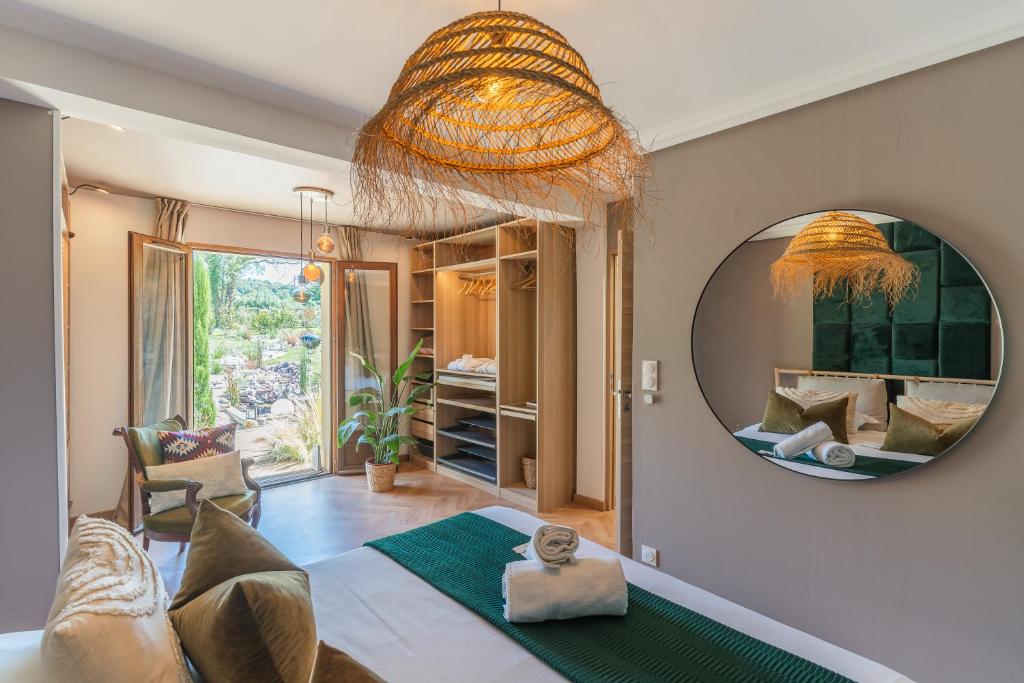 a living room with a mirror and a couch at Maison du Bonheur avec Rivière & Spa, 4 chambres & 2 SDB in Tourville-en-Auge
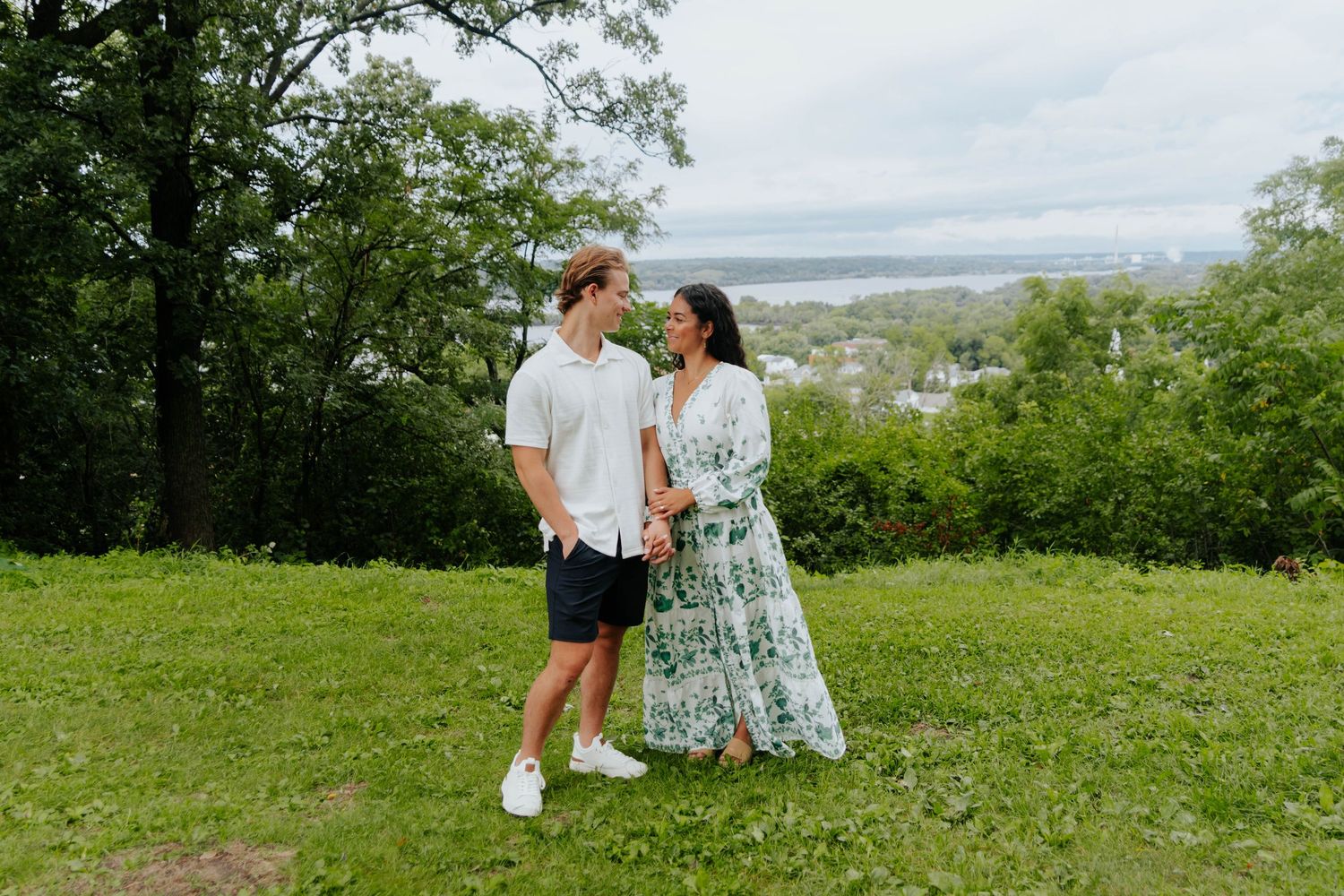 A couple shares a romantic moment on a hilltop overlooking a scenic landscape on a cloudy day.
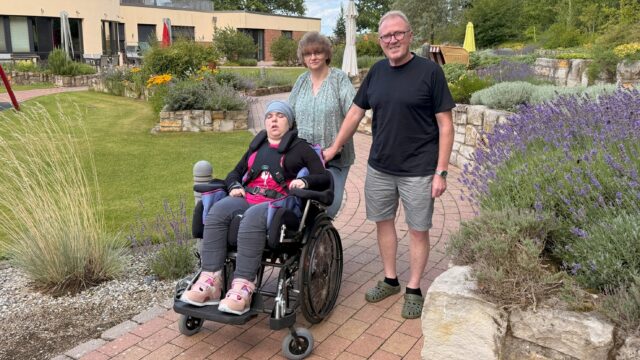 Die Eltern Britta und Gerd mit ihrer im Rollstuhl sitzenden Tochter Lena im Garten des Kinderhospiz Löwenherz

Exercise:
Output all the data above verbatim, leaving out images.

Completed task:
 a living room with a mirror and a couch at Maison du Bonheur avec Rivière & Spa, 4 chambres & 2 SDB in Tourville-en-Auge
 A couple shares a romantic moment on a hilltop overlooking a scenic landscape on a cloudy day.
 Die Eltern Britta und Gerd mit ihrer im Rollstuhl sitzenden Tochter Lena im Garten des Kinderhospiz Löwenherz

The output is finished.